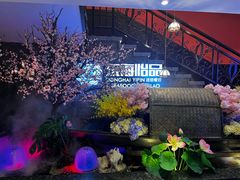 -东海怡品海鲜豆捞(舟宿夜江店)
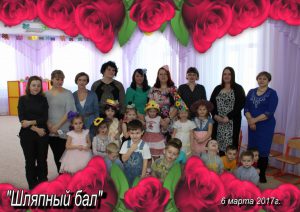 8 марта Пчелки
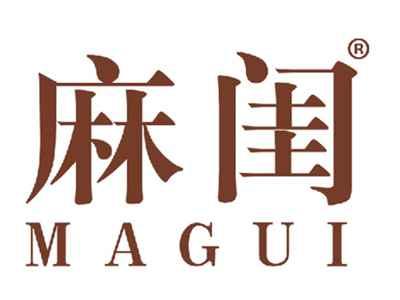 麻闺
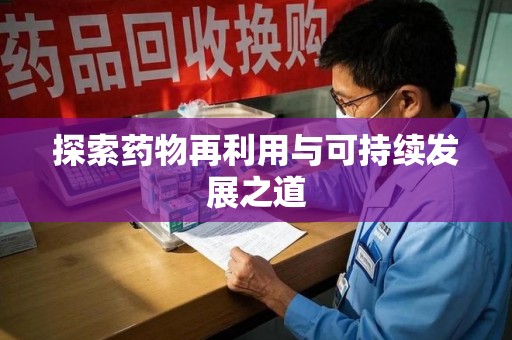 莆田探索药物再利用与可持续发展之道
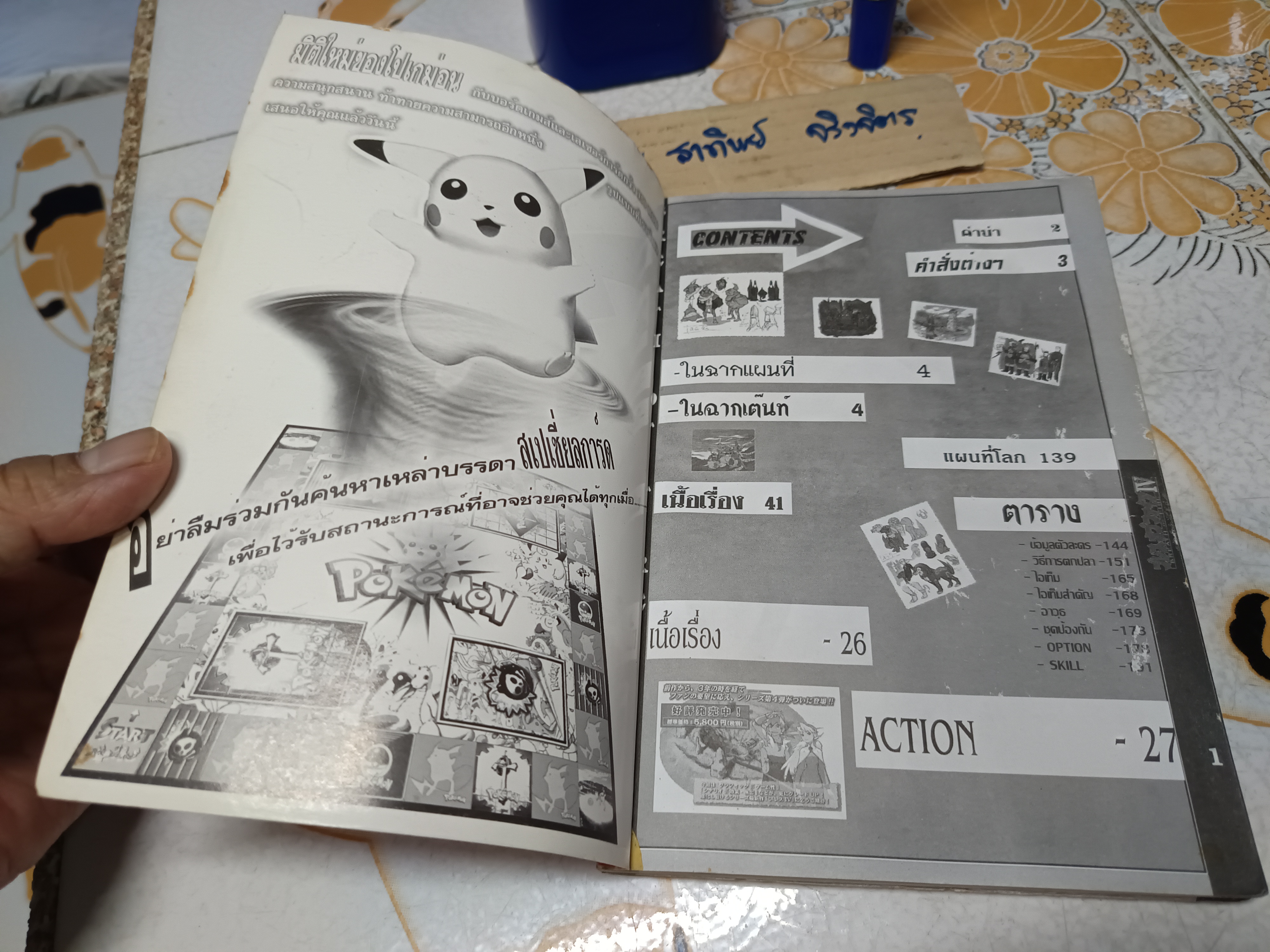 คู่มือเฉลยเกมส์ BREATH OF FIRE IV / BREATH OF FIRE 4 (PS1)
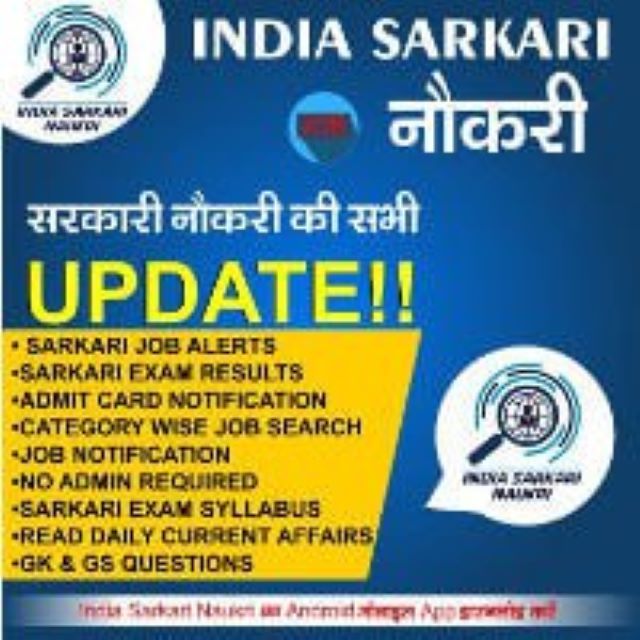 Apply now for government jobs in india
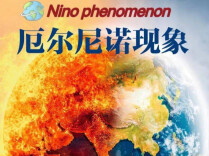 国家气候中心：一次东部型强—超强厄尔尼诺事件将于夏秋季形成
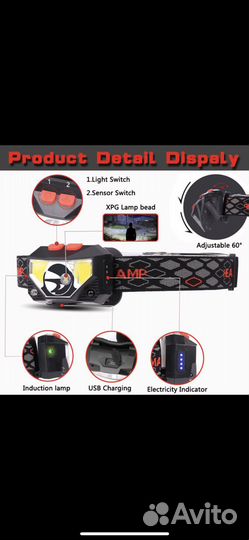 Налобный Фонарь аккамуляторный новый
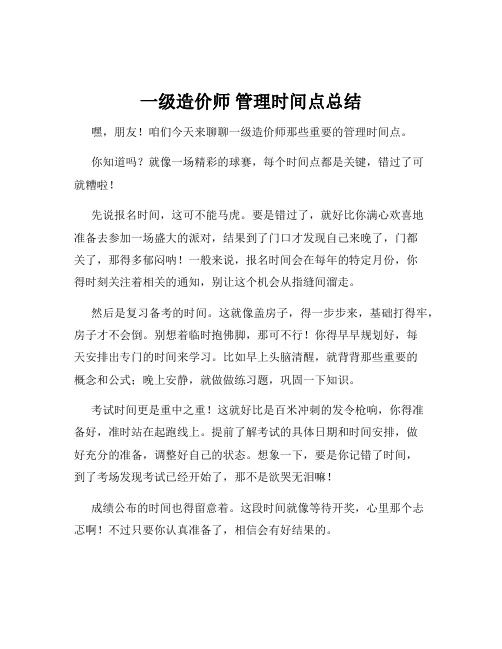 一级造价师 管理时间点总结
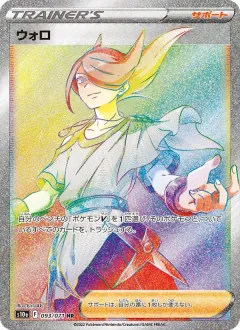 ウォロ, ダークファンタズマ 093/71
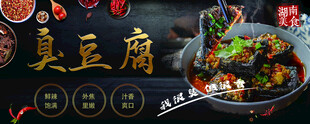 美味臭豆腐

※

What you will do »
The result should be all the records, retyped exactly, with no pictures among them.

Your solution »
 -东海怡品海鲜豆捞(舟宿夜江店)
 8 марта Пчелки
 麻闺
 莆田探索药物再利用与可持续发展之道
 คู่มือเฉลยเกมส์ BREATH OF FIRE IV / BREATH OF FIRE 4 (PS1)
 Apply now for government jobs in india
 国家气候中心：一次东部型强—超强厄尔尼诺事件将于夏秋季形成
 Налобный Фонарь аккамуляторный новый
 一级造价师 管理时间点总结
 ウォロ, ダークファンタズマ 093/71
 美味臭豆腐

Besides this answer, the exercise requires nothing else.